I enjoyed having them here, and I had thought it was gonna be a good thing for all the girls when they went to be all together with their siblings. And it was not easy. But with knowing that they could all live together in the same house with a couple that could provide for their needs and the girls all getting to be together, we thought that would be great for them.
But, I now I feel totally different about that now. Those girls are not the same little girls that I knew. When I first went to see them shortly after they went to stay at that house, when they opened the door and saw me and their aunt and cousin, they were so surprised and so happy. They jumped up and down and then wouldn’t stay off our laps and had so much to say, gave lots of hugs and kisses, and was really happy to pose for pictures for me. They were pretty happy to see us. The weird thing was that even though the three little ones were jumping up and down, the oldest gave a strange look and said to her aunt that they had been told by the (custodians) that they would never see us again because we did not like them anymore. I did not know that till when we were leaving, I was getting loving from the other ones, so I did not get to see that. I wish I would have heard that, I would have assured (girls name) that yes her family does still love and want to see her. Then the next time I came down there I called (mrs custodian) on a Friday night and asked if I could see my Grandkids the next day on Saturday. She said that yes I could but to be sure to call before I came over . I waited and called after I figured they had time to get up and get breakfast and get dressed and all. The first time I called it rang for a while and then went to voice mail. The second time I called it went straight to voice mail, like when your phone is turned off. Now that really upset me because I had really wanted to see the girls. So we stopped by the house thinking something was wrong with her phone, since the night before she told me I could come see the girls on Sat. No one was home.

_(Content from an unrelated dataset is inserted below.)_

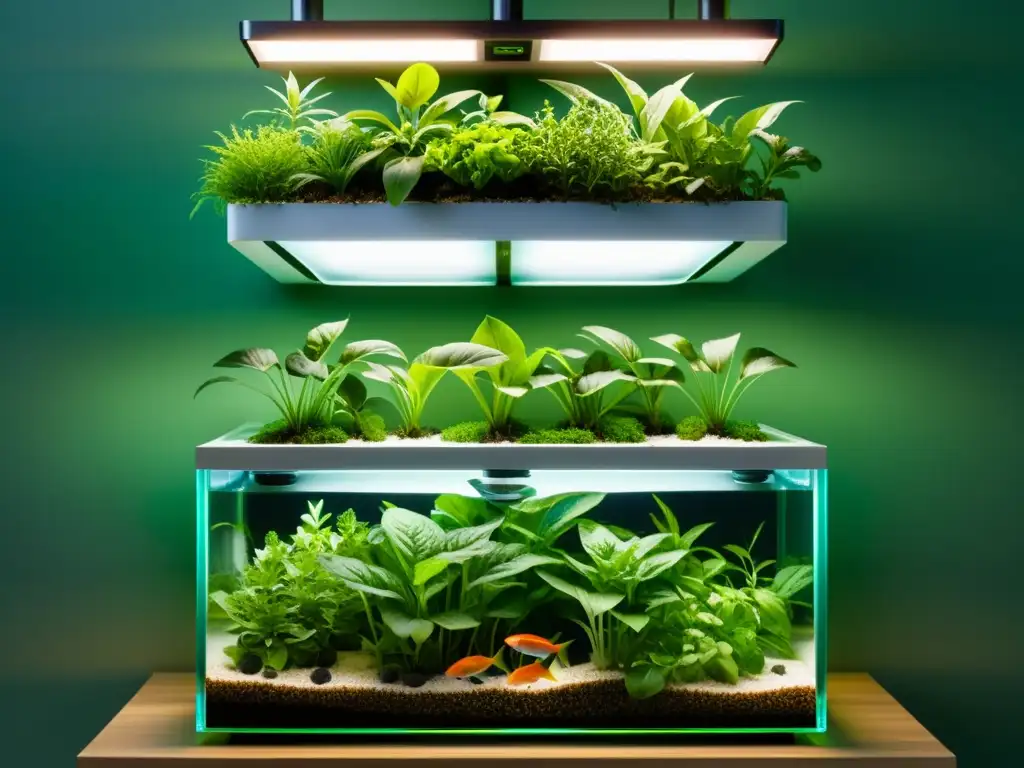 Un elegante sistema de acuaponía en agricultura urbana con peces y plantas en simbiosis, creando un centro educativo visualmente impactante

So since we knew where they were taking the girls their aunt and cousin and I decided to go there, since it was to see Santa and their aunt was gonna take their cousin to see Santa anyway. We got there right after they did because we saw them walking into the store as we pulled up. We got in line behind them, about 3 people or so on front of us. I was trying to get their attention, just waiting for them to turn around and be surprised to see us. Couldn’t quite get up to them because of the other people. Then when (2nd oldest) turned around and saw us, we expected a smile and an excited reaction, but instead it was really weird. She gave a funny , kinda scared look and got right next to (mrs. custodian) and kinda acted like she would be in so much trouble if she even looked at us. She would look again to see if we were still there and then look at (mrs custodian) again. Really weird. And then when (3rd child) saw me started to smile and then did the same thing,acting like she was scared of something. These were not the same girls I knew. (oldest child) just gave a mean look and looked away. Something is definitely going on. I really think they are totally scared to talk to us for some reason. I asked the girls if I could get a group picture of them and then put them in place and took their picture. Then I asked (mrs. custodian) if I could please visit with them some that afternoon since I did not get to that morning. One of the little girls blurted out, can we, not sure who that was, but then (mr. custodian) said that it was not for them to decide. (Mrs. custodian) did not give me an answer. We waited around for awhile just watching the girls. (Mrs. custodian) still never said to me that we could visit. She just totally ignored us. (Mr. custodian) blocked the way so that we could not get close to the girls and even talk to them. They sat them down at a table to color and blocked the way. Sometimes one of them would turn around and look at us, and (3rd child) would smile, but something was just not right. Then they gathered all the girls together and kept them very close to them and walked off to the other side of the store away from us. They did purposely avoid us. Making sure that we could not get close to them.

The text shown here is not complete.